British producer/director Ridley Scott’s films are always glossy, fast-paced and stuffed with familiar Hollywood faces. From his flashy break-out movies, (Alien, Blade Runner) to the Oscar winners (Thelma & Louise, Gladiator) there’s always something interesting to look at in a Scott picture, even if the treatment of its subject matter is pretentious, (Kingdom of Heaven). Moviegoers don’t always get their money’s worth, but it’s certainly not for lack of trying on Sir Ridley’s part.

That attention to visual scope and celebrity acting both aids and bedevils Gangster, which glamorizes the exploits of real-life drug kingpin Frank Lucas, who fed Harlem’s insatiable heroin appetite during the Vietnam War era. By building an organization that stretched from sourcing in Thailand to distribution in The Big Apple, Lucas developed a highly lucrative criminal empire until he and his brothers were brought down thanks to the efforts of Ritchie Roberts, an unassuming cop turned lawyer who bagged Lucas and then assisted in his successful prosecution for racketeering. After serving 15 years of a 70 year sentence, (reduced for his role in securing the convictions of corrupt members of the police force who facilitated his lethal activities) Lucas was released and made the subject of a documentary on his exploits, thus proving - - along with Brittany, Paris and Lindsay - - that the wages of sin can often buy celebrity status.

Denzel Washington portrays Lucas as street thug who rises through good grooming and a GQ wardrobe to become a business man who wouldn’t look out of place at a Harvard Business School reunion. With his elegant good looks and carefully tailored suits, Washington doesn’t demonstrate the troubling depravity he demonstrated in his Oscar-winning role as a crooked cop in Training Day. As a result, Gangster glamorizes the thug while sloughing off his role in making life a living hell for his customers. The film contains numerous scenes of shooting up, but they’re so detached from the flow of the movie that they lack the power to see the Lucas’s success for what it really is; cynical profiteering built on the pathetic suffering of his customers combined with the methodical corruption of the policemen he loathed for their tacit support of his criminality.
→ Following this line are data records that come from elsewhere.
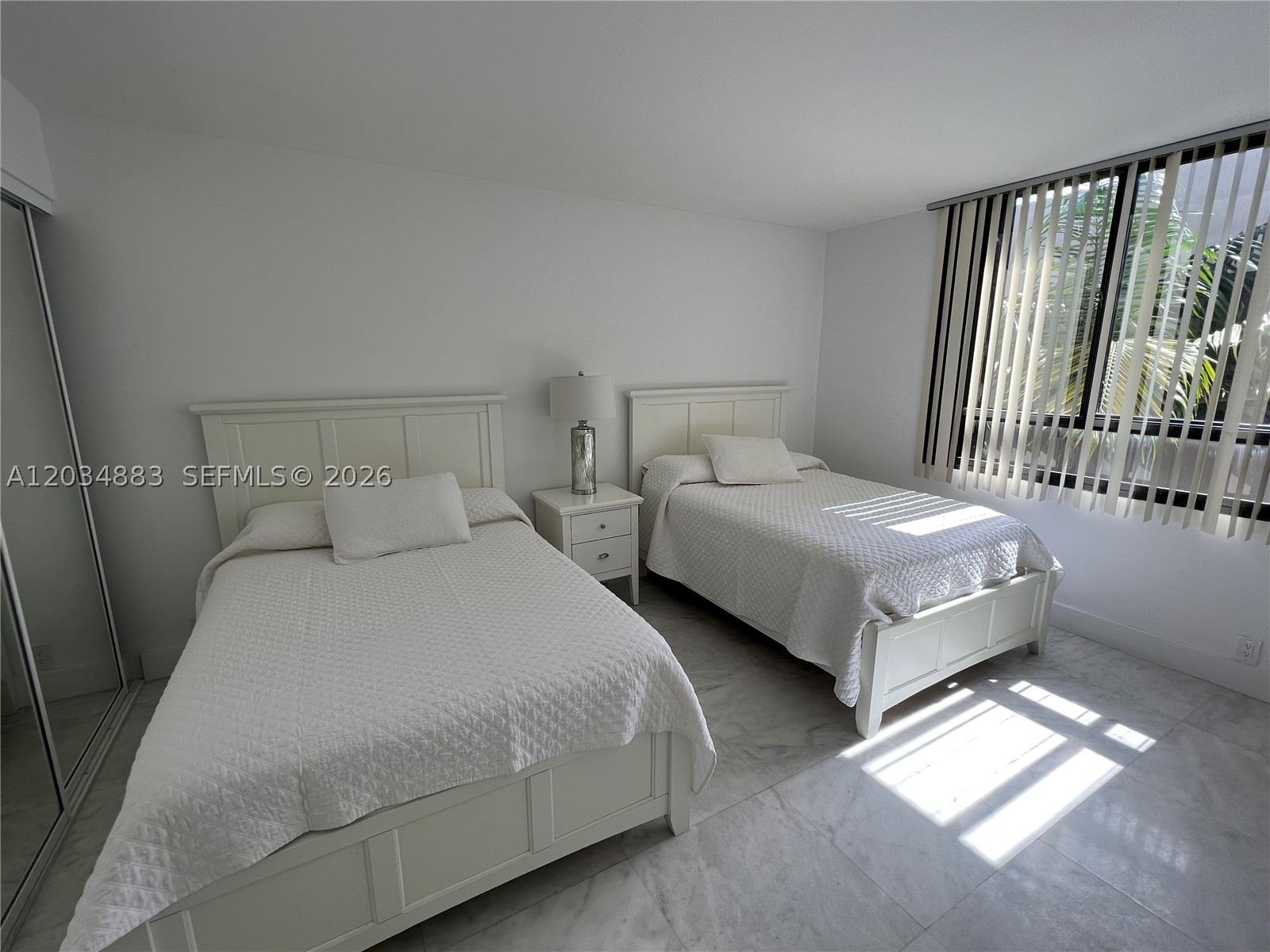 101 Crandon Blvd 474 Property Photo 18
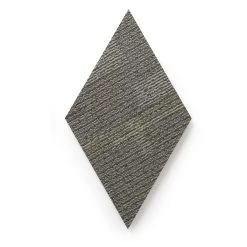 Lucida USA MosaiCore Denim Braid 10-in X 10-in Waterproof Luxury Flooring (15.15-sq Ft) 11 Lucida USA MosaiCore Denim Braid 10-in X 10-in Waterproof Luxury Flooring (15.15-sq Ft) -Carpet Floor Shop 45598901 1800x1800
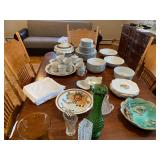 Bayonne, NJ Estate Sale By Olga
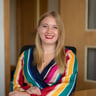 Jen Kingsmill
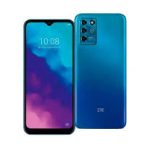 ZTE 9030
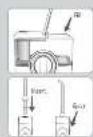 Waterpik WF-11 - 2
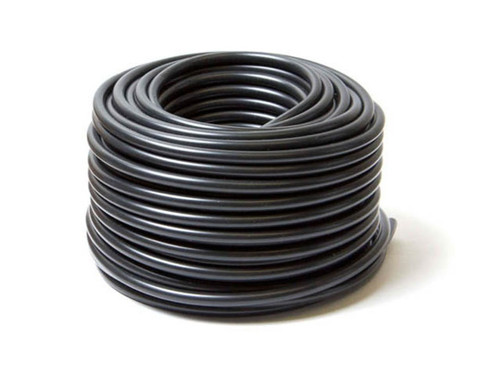 ACCESSORY PITOT TUBING For 30-80 MPH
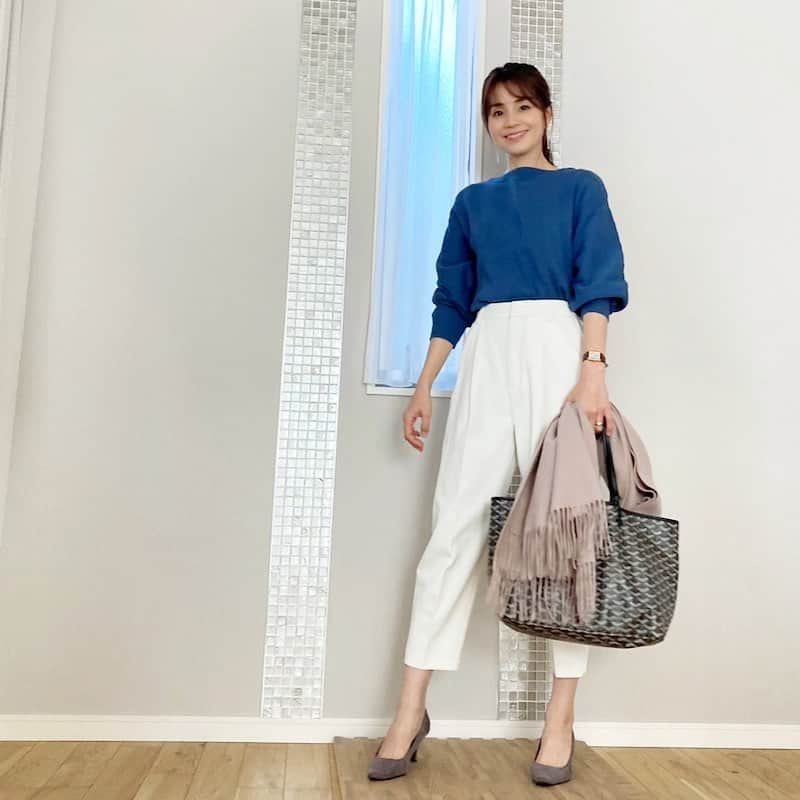EDIST. CLOSET のインスタグラム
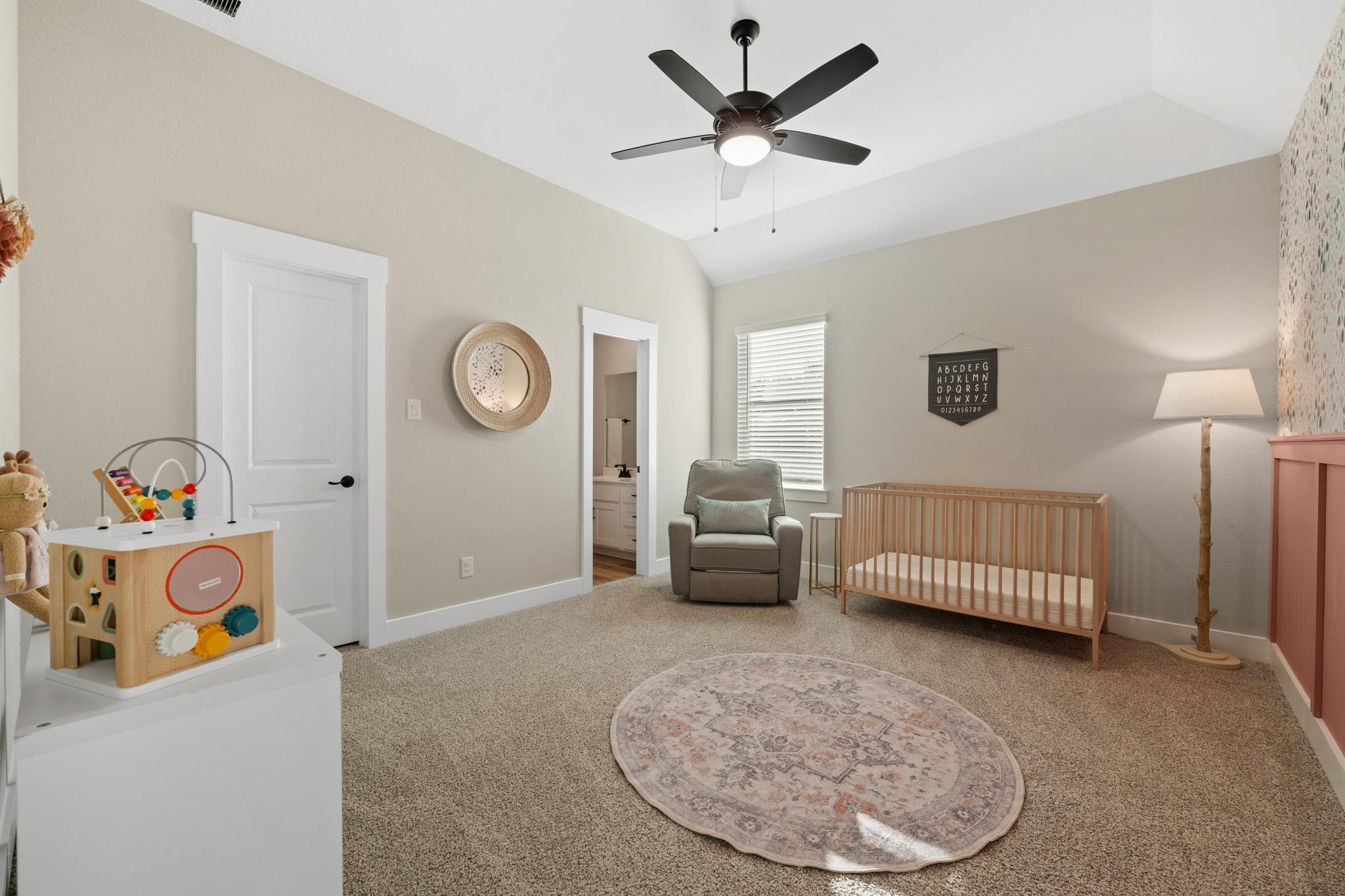 2345 Beebalm St Property Photo 27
Russell Crowe’s blue collar New Jersey cop is no match for Washington’s ostensibly chic desperado; while there’s dogged determination in the actor’s portrayal, he stays on the surface of his character’s motivations, producing a curiously bland hero, not unlike his depiction of Jim Braddock, the Depression-era heavy-weight champion he portrayed in the surprisingly unsuccessful Cinderella Man. As Crowe demonstrated earlier this year in 3:10 to Yuma, he has the capacity to mesmerize audiences in roles that offer him the opportunity to inhabit conflicted personalities, (L.A. Confidential, The Insider) but he’s not nearly as compelling when playing a less complicated leading man. 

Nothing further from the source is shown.